Re: N-triples white space question

On 18 May 2012, at 11:27, Andy Seaborne wrote:
> Maybe we could define a canonical form of N-triples:

+1, this would be very useful.

> . No comments.
> . No blank lines.
> . CR+LF
> . Single space between S/P, P/O.
>    (a raw tab is also good - it can't appear in a valid literal)

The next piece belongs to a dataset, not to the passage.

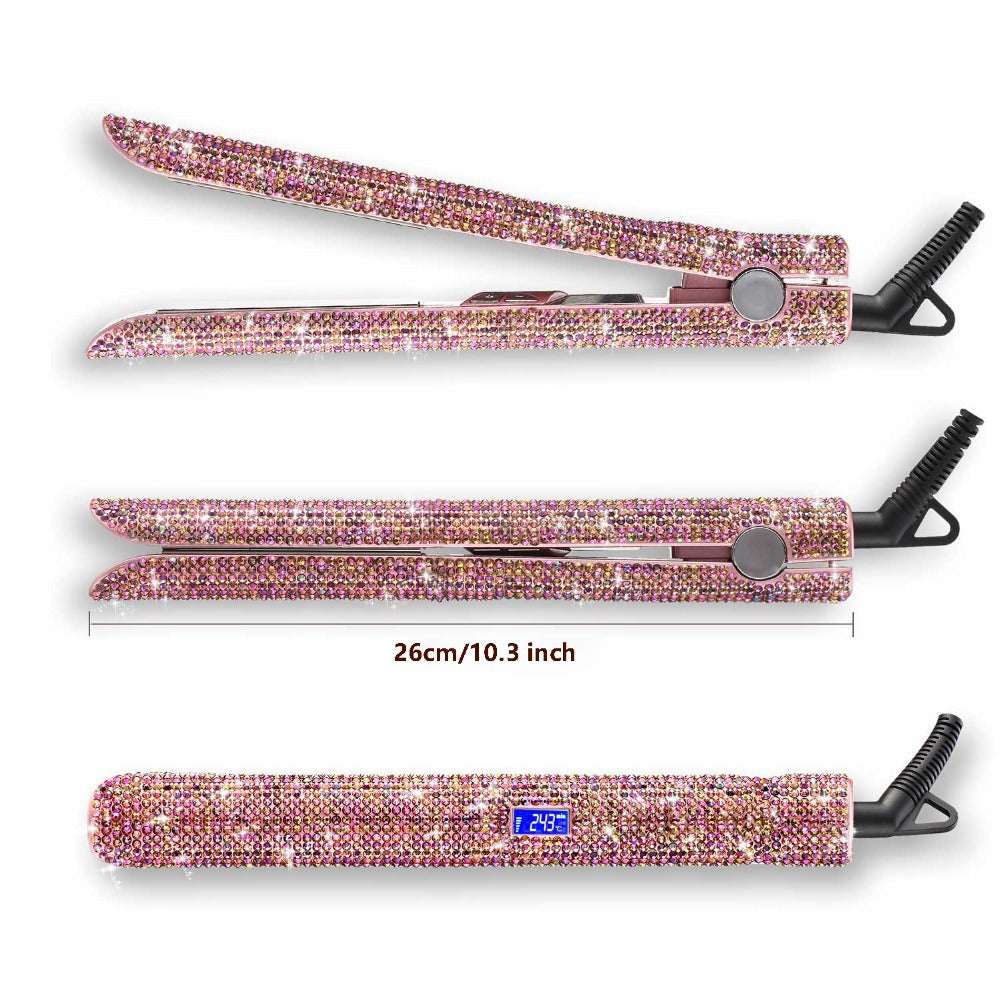 Titanium Plate Glitter Hair Straightener & Curler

My subjective impression is that single space is very common in existing N-Triples files. The more the canonical form resembles common practice, the better.

> . No use of \u or \U

+1! Very important. (Although common practice at the moment would dictate: “randomly fuck up Unicode characters”)

> . Resolved IRIs
>    avoid <http://example/a/./b/../c> or <http://example.org:80/a>

The formal way to state this is: “Only IRIs that are normalized according to Section 5 of [IRI].” A link to this Note in RDF Concepts would help to explain what this means:
http://dvcs.w3.org/hg/rdf/raw-file/default/rdf-concepts/index.html#note-iri-interop

> . Last line has a CR+LF

I'd add:

  • No additional HWS before or after CR+LF
  • No WS between O and triple-ending Period (although “single space” might be closer to current common practice and would work equally well; it's just ugly to my eyes)

Richard

Received on Friday, 18 May 2012 11:32:42 UTC